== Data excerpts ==
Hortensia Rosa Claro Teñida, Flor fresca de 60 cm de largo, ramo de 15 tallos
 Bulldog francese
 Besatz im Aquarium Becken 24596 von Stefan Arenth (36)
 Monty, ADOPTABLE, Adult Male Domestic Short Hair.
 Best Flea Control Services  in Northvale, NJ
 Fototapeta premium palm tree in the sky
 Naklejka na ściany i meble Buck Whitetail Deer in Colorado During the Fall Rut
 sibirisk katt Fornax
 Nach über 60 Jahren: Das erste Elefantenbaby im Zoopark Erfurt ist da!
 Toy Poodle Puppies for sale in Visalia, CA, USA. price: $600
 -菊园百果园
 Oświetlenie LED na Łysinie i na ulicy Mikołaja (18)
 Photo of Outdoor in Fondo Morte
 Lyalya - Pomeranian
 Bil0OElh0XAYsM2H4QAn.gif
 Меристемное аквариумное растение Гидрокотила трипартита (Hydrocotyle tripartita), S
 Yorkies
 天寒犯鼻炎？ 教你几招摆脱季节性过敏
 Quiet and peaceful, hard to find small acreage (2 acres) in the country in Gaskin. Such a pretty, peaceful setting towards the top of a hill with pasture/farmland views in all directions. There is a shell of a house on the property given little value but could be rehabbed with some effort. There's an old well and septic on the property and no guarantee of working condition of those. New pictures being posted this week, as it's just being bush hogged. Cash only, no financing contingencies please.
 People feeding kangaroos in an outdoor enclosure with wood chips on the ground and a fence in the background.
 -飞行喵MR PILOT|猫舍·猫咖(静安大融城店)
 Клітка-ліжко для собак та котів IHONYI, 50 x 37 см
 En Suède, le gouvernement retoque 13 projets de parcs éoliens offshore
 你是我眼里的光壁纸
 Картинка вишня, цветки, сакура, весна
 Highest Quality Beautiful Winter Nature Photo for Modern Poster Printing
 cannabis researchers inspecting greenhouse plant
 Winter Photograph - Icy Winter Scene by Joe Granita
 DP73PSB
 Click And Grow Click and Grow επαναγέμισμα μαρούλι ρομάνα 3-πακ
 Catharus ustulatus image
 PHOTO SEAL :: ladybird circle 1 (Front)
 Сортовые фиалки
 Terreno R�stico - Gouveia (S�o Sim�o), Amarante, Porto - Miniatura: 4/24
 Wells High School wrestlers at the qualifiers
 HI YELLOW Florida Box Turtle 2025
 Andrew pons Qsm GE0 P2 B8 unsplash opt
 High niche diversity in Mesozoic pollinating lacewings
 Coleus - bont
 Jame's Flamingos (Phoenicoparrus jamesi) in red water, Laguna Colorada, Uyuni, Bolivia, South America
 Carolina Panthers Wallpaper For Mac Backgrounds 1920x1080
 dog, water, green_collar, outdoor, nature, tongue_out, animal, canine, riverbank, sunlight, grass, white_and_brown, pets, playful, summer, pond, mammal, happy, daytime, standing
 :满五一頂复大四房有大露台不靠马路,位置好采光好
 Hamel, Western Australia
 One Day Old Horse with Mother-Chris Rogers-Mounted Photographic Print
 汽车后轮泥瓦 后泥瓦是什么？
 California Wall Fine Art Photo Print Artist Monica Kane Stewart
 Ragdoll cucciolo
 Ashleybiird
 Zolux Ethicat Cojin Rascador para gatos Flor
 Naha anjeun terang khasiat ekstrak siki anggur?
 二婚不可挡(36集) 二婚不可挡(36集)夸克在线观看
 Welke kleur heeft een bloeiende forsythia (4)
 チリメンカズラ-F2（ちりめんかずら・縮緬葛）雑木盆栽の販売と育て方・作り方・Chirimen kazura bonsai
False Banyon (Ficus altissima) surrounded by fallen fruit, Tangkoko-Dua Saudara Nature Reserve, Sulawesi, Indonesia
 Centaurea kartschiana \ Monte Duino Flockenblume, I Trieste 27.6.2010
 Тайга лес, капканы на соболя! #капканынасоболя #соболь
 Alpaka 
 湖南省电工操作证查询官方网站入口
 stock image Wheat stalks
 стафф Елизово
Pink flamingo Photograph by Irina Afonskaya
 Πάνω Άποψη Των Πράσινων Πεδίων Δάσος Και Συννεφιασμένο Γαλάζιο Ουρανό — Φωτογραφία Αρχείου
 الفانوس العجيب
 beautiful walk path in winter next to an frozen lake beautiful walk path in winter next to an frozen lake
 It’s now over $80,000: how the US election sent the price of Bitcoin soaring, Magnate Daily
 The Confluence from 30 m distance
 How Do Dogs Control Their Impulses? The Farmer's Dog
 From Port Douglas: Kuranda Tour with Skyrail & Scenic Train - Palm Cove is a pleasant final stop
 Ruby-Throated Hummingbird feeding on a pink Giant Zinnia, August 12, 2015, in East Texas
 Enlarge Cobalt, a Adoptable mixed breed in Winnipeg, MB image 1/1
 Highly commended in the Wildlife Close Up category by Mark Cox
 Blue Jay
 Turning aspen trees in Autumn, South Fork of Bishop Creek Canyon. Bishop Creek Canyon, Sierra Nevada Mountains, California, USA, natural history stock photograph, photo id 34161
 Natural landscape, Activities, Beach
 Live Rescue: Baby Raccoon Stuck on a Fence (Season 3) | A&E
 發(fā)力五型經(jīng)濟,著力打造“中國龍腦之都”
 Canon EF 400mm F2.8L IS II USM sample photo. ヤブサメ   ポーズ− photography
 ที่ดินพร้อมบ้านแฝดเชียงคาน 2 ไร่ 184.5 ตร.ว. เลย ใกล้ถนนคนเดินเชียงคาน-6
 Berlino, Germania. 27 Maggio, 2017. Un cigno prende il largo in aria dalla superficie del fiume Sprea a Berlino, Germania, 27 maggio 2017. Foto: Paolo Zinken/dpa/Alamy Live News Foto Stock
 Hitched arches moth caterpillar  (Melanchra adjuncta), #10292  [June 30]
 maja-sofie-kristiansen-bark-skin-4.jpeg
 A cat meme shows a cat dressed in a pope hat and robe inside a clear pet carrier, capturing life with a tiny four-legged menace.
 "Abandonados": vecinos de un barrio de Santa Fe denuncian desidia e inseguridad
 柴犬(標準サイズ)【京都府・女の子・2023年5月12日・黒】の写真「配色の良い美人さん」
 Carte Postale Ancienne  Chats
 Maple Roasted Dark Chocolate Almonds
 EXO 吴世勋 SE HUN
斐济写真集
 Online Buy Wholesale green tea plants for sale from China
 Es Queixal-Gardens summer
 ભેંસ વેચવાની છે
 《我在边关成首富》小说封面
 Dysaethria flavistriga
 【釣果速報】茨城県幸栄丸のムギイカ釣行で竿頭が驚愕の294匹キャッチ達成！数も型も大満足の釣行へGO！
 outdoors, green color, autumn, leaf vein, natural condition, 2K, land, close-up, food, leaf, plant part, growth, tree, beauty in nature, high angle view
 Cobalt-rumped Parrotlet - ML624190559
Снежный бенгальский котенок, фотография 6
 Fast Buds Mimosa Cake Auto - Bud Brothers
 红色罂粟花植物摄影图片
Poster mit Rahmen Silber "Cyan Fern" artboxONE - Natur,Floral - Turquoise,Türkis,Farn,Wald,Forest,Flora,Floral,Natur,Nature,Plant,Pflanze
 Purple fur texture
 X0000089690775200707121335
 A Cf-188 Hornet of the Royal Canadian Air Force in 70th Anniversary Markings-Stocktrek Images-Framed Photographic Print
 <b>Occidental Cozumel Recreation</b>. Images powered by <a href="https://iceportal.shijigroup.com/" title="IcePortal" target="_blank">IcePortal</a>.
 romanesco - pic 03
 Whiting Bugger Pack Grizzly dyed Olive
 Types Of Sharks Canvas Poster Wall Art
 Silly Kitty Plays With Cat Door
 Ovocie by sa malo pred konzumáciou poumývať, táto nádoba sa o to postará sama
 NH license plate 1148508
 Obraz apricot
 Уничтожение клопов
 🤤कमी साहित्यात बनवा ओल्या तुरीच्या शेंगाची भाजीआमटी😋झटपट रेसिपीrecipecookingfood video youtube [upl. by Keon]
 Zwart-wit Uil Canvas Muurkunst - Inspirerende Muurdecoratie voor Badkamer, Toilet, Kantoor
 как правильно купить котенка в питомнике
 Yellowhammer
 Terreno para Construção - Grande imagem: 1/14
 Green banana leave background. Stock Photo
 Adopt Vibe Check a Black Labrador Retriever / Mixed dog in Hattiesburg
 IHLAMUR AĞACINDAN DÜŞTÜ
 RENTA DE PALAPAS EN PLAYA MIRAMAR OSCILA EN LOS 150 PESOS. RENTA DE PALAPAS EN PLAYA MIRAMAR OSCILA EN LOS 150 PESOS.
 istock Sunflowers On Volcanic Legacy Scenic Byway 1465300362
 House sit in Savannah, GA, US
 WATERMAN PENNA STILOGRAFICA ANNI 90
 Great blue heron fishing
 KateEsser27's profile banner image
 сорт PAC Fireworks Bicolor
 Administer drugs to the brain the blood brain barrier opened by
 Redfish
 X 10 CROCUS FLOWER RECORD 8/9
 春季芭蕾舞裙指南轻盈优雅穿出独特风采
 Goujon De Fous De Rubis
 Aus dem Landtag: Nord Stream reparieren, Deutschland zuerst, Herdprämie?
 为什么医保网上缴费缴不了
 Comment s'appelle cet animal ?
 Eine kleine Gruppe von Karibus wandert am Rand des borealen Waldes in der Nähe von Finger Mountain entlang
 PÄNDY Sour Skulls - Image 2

== What you should do ==
Based on the records above, how many lines hold the string "summer"? Answer with the number by itself.

== Task solution ==
2